VECTOR_DISTANCE takes two vectors as parameters. You can optionally specify a distance metric to calculate the distance. If you do not specify a distance metric, then the default distance metric is cosine. If the input vectors are BINARY vectors, the default metric is hamming.

You can optionally use the following shorthand vector distance functions:

  • L1_DISTANCE

  • L2_DISTANCE

  • COSINE_DISTANCE

  • INNER_PRODUCT

  • HAMMING_DISTANCE

  • JACCARD_DISTANCE

All the vector distance functions take two vectors as input and return the distance between them as a BINARY_DOUBLE.

Note the following caveats:
  • If you specify a metric as the third argument, then that metric is used.

  • If you do not specify a metric, then the following rules apply:

    • If there is a single column referenced in expr1 and expr2 as in: VECTOR_DISTANCE(vec1, :bind), and if there is a vector index defined on vec1, then the metric used when defining the vector index is used.

      If no vector index is defined on vec1, then the COSINE metric is used.

    • If there are multiple columns referenced in expr1 and expr2 as in: VECTOR_DISTANCE(vec1, vec2), or VECTOR_DISTANCE(vec1+vec2, :bind), then for all indexed columns, if their metrics used in the definitions of the indexes are the same, then that metric is used.

      On the other hand, if the indexed columns do not have a common metric, or none of the columns have an index defined, then the COSINE metric is used.

  • In a similarity search query, if expr1 or expr2 reference an indexed column and you specify a distance metric that conflicts with the metric specified in the vector index, then the vector index is not used and the metric you specified is used to perform an exact search.

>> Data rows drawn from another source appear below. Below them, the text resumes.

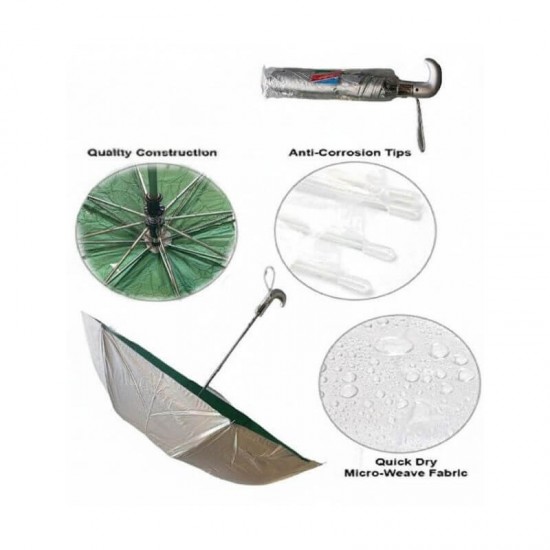 مظلة شمسية يدوية قصيرة - رصاصي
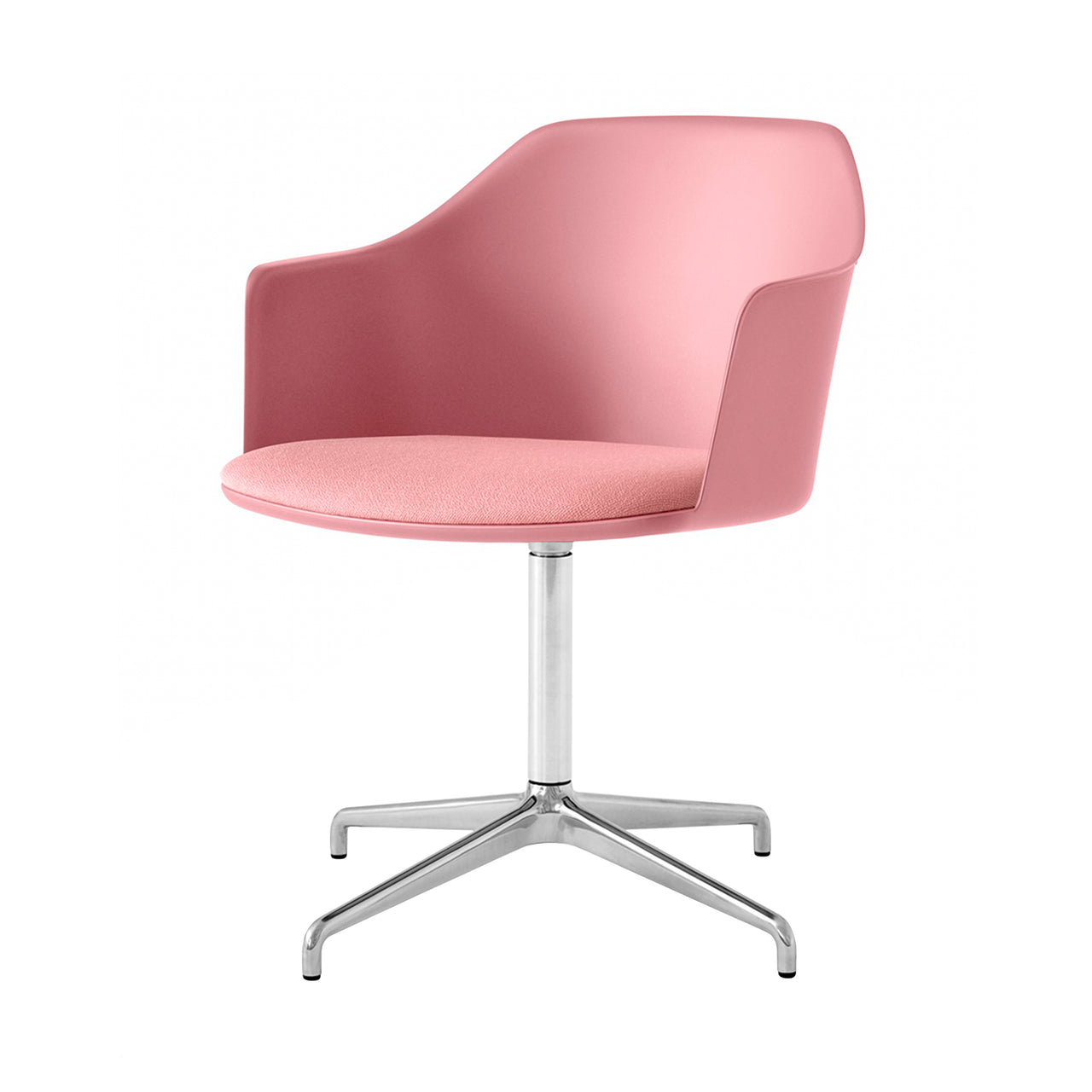 Rely Armchair HW39: Polished Aluminum + Soft Pink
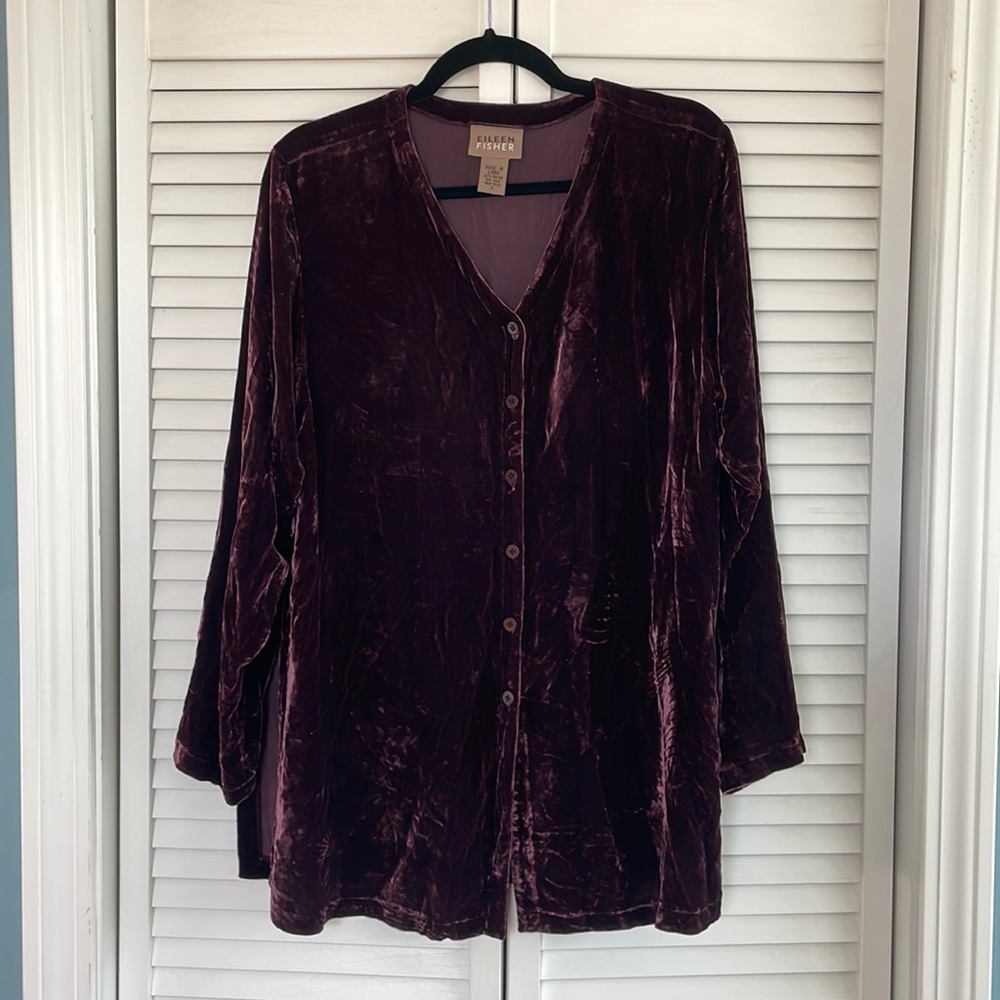 Eileen fisher crushed velvet top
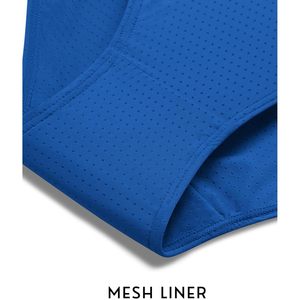 Pantalones cortos para correr FOXA para mujer, de secado rápido, elásticos, de cintura alta, con bolsillos con cremallera, ropa deportiva azul real - Product Image 2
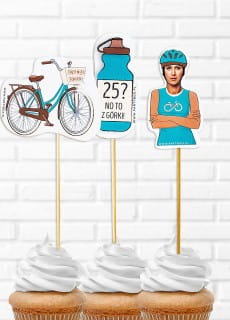 Pikery personalizowane URODZINY ROWERZYSTY tort rowerzysty (11szt.)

  • Approximate (index-based) searches can be done if only one column is referenced by either expr1 or expr2, and this column has a vector index defined, and the metric that is specified in the vector_distance matches the metric used in the definition of the vector index.

Parameters

  • expr1 and expr2 must evaluate to vectors and have the same format and number of dimensions.

    If you use JACCARD_DISTANCE or the JACCARD metric, then expr1 and expr2 must evaluate to BINARY vectors.

  • This function returns NULL if either expr1 or expr2 is NULL.

  • metric must be one of the following tokens :

    • COSINE metric is the default metric. It calculates the cosine distance between two vectors.

    • DOT metric calculates the negated dot product of two vectors. The INNER_PRODUCT function calculates the dot product, as in the negation of this metric.

    • EUCLIDEAN metric, also known as L2 distance, calculates the Euclidean distance between two vectors.

    • EUCLIDEAN_SQUARED metric, also called L2_SQUARED, is the Euclidean distance without taking the square root.

    • HAMMING metric calculates the hamming distance between two vectors by counting the number dimensions that differ between the two vectors.

    • MANHATTAN metric, also known as L1 distance or taxicab distance, calculates the Manhattan distance between two vectors.

    • JACCARD metric calculates the Jaccard distance. The two vectors used in the query must be BINARY vectors.

Shorthand Operators for Distances

Syntax

  • expr1 <-> expr2

    <-> is the Euclidean distance operator: expr1 <-> expr2 is equivalent to L2_DISTANCE(expr1, expr2) or VECTOR_DISTANCE(expr1, expr2, EUCLIDEAN)

  • expr1 <=> expr2

    <=> is the cosine distance operator: expr1 <=> expr2 is equivalent to COSINE_DISTANCE(expr1, expr2) or VECTOR_DISTANCE(expr1, expr2, COSINE)

  • expr1 <#> expr2

    <#> is the negative dot product operator: expr1 <#> expr2 is equivalent to -1*INNER_PRODUCT(expr1, expr2) or VECTOR_DISTANCE(expr1, expr2, DOT)

Examples Using Shorthand Operators for Distances

 '[1, 2]' <-> '[0,1]'
v1 <-> '[' || '1,2,3' || ']' is equivalent to v1 <-> '[1, 2, 3]'
v1 <-> '[1,2]' is equivalent to L2_DISTANCE(v1, '[1,2]')
v1 <=> v2 is equivalent to COSINE_DISTANCE(v1, v2)
 v1 <#> v2 is equivalent to -1*INNER_PRODUCT(v1, v2)

Examples

VECTOR_DISTANCE with metric EUCLIDEAN is equivalent to L2_DISTANCE:

VECTOR_DISTANCE(expr1, expr2, EUCLIDEAN);
L2_DISTANCE(expr1, expr2);

VECTOR_DISTANCE with metric COSINE is equivalent to COSINE_DISTANCE:

VECTOR_DISTANCE(expr1, expr2, COSINE);
COSINE_DISTANCE(expr1, expr2);

VECTOR_DISTANCE with metric DOT is equivalent to -1 * INNER_PRODUCT:

VECTOR_DISTANCE(expr1, expr2, DOT);
-1*INNER_PRODUCT(expr1, expr2);

VECTOR_DISTANCE with metric MANHATTAN is equivalent to L1_DISTANCE:

VECTOR_DISTANCE(expr1, expr2, MANHATTAN);
L1_DISTANCE(expr1, expr2);

VECTOR_DISTANCE with metric HAMMING is equivalent to HAMMING_DISTANCE:

VECTOR_DISTANCE(expr1, expr2, HAMMING);
HAMMING_DISTANCE(expr1, expr2);

VECTOR_DISTANCE with metric JACCARD is equivalent to JACCARD_DISTANCE:

VECTOR_DISTANCE(expr1, expr2, JACCARD);
JACCARD_DISTANCE(expr1, expr2);